Solarex managers here say they are constantly explaining to customers, friends, suppliers and even strangers that no, they haven't had a single extra order for the company's photovoltaic panels as a result of the most recent oil crisis, and yes, they are still losing money.
"It is not like gas masks," explained President John Corsi. "We don't suddenly get an order because Iraq invaded Kuwait. We can't offer instant solutions for the Mideast."
Instead of leaping to offer its domestically produced replacement power for suddenly controversial oil-based energy, Rockville-based Solarex, which is owned by Amoco Oil Co. and has a factory in Frederick, has avoided the limelight.
Wiser now that they have survived the boom and bust in the alternative-energy industry that followed the oil crises of the 1970s, and constrained by their oil-company bosses, Solarex executives are keeping their eyes on the road they hope will lead them back to profitability and respectability.
Solarex's "health is at a critical point right now," said Edgar DeMeo, manager of the solar-power program for the Electric Power Research Institute in California.
"The technology is just getting to point where it can be used reliably for niche markets," he said, and the owners are probably getting tired of losing money on the company.
"They've got maybe two or three years to be profitable," Mr. DeMeo said.
The 15-year-old company boomed during the late 1970s, when oil was expensive and homeowners looked to the sun for cheap hot water, air conditioning and night lights.
But, like the rest of the solar industry, Solarex was hit by the cheap oil of the 1980s and the federal government's drastic cutbacks in research grants and tax benefits.
The company started losing money in 1979 and probably would have gone out of business if it hadn't been purchased by Amoco in 1983, industry experts say.
But the financial support of Amoco wasn't enough to protect Solarex from severe cuts. The staff, which numbered 700 in the early 1980s, is down to about 400.
And Solarex has limited itself to a niche far from the mainstream of U.S. consumers: those who need power in odd or distant places, such as boaters, Scandinavian vacationers, oil drillers, Nigerian villagers and Australian telephone companies.
"We don't advertise to the general public," spokesman Christopher Pope said. Besides, he said, Solarex wants to advertise only "what we can actually provide."
And the company has realized it can't provide abundant, cheap energy to most Americans -- not yet, anyway.
Solarex's three plants in Maryland, Pennsylvania and Australia combined have only enough capacity to turn out 10 megawatts of power a year -- barely enough power for a town of 2,500 people. So it couldn't produce enough panels to meet mass market demand now.
And, though the price of oil has shot up by more than 25 percent in the last two months, energy generated by fossil fuels is still only half as expensive as power generated by Solarex's panels.
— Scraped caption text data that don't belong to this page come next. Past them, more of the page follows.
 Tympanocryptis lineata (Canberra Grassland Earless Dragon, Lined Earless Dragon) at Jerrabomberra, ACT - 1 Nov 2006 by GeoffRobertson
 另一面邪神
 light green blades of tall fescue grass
Once installed, solar panels provide energy almost for free. But they cost about $4.30 per watt provided. That means buying enough panels to serve a typical house would cost about $18,000, and installing them would probably cost another $18,000, Mr. Pope said.
After averaging out all of the capital and installation costs, Solarex's panels produce energy at a cost of about 50 cents a kilowatt hour, he said. A kilowatt hour is enough energy to run 10 100-watt light bulbs for an hour.
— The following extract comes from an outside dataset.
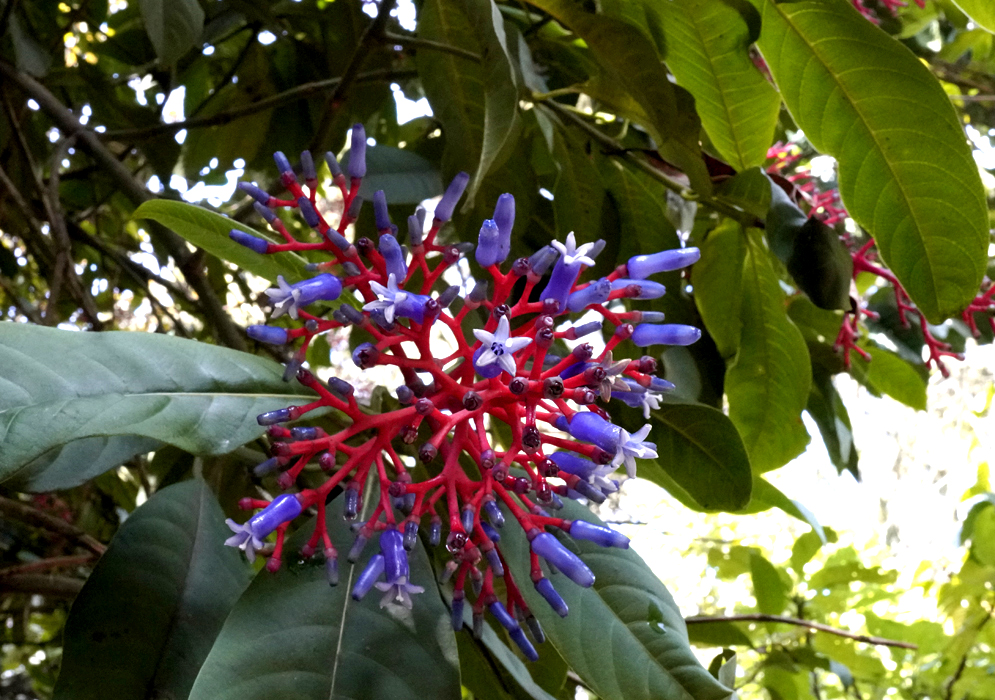 Orange inflorescence with blue flower tubes and light blue petal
That's no bargain when compared with Baltimore Gas & Electric Co.'s usual hourly residential rate of 7.3 cents an hour, or even the approximately 28 cents an hour some troubled utilities charge.
As much as he would like to sell more solar panels, Bruce `D Wilson, director of distribution for Atlantic Solar Products in Baltimore, one of Solarex's biggest distributors, tells potential customers, "It is just not economically feasible to disconnect from the utility."
Solarex managers say that photovoltaic solar power is prohibitively expensive because the panels are too expensive to make and too weak electrically.
For example, some of the approximately 180 workers at the
Frederick plant use saws to slice bricks of al
most pure silicon into wafers for the panels, but the saws turn half of each brick into waste dust.
Once each silicon wafer is chemically treated, it must be hand-wired with silver to other wafers to make an electrical circuit before the wafers are laminated under glass or plastic for protection from the elements.
So Solarex is experimenting with new, more efficient ways of cutting the bricks, as well as robots to assemble the panels.